--- Dataset excerpts Enclosed Below ---

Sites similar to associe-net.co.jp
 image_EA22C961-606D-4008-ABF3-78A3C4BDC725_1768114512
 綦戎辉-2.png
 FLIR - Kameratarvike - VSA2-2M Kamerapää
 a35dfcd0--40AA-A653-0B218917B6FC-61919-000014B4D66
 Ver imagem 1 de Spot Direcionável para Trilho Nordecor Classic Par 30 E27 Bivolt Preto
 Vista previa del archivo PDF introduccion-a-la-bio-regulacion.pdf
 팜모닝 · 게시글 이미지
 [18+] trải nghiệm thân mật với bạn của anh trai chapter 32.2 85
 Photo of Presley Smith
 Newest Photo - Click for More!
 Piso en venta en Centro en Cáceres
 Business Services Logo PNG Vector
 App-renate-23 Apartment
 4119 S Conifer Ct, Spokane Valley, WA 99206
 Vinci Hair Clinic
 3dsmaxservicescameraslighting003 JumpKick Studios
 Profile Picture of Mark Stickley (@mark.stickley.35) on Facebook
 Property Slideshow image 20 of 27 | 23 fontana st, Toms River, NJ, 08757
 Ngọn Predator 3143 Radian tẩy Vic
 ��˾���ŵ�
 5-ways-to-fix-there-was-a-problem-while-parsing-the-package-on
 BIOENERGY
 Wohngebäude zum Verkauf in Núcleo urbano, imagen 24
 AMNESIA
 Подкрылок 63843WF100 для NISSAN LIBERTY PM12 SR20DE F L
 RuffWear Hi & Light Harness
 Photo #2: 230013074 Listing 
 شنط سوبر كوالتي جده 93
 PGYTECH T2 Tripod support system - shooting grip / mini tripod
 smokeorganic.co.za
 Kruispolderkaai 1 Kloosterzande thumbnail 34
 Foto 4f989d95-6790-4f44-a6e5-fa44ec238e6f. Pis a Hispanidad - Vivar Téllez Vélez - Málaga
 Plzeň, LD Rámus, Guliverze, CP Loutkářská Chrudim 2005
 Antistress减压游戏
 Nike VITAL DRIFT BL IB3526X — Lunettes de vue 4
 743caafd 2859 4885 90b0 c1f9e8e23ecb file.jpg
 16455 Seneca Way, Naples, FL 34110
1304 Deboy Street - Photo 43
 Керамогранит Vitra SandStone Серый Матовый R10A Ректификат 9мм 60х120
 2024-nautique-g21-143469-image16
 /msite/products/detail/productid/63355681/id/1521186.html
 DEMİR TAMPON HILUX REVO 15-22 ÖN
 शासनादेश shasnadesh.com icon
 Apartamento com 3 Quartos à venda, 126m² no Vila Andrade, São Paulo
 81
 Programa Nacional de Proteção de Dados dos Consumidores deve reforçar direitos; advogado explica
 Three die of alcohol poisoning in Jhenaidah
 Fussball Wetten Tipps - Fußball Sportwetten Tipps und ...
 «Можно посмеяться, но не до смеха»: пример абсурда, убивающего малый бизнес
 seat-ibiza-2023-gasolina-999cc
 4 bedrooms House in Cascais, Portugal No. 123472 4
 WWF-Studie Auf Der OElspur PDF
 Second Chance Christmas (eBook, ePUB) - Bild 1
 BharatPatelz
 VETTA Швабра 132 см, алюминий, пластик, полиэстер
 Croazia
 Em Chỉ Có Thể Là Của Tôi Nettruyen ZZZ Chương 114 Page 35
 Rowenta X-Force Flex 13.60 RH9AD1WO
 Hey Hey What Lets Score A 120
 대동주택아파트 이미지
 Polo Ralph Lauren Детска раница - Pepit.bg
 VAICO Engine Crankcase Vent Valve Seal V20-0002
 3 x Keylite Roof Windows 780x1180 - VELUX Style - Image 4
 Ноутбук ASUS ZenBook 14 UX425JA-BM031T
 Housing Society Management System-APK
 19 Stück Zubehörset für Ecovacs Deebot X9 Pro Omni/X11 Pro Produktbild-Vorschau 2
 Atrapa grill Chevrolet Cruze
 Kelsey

--- End of Enclosed Dataset excerpts ---

■ **Task to complete**: Please copy every line of the records above in which "Photo" appears.

■ **Expected answer**:
 Photo of Presley Smith
 Newest Photo - Click for More!
 Photo #2: 230013074 Listing 
1304 Deboy Street - Photo 43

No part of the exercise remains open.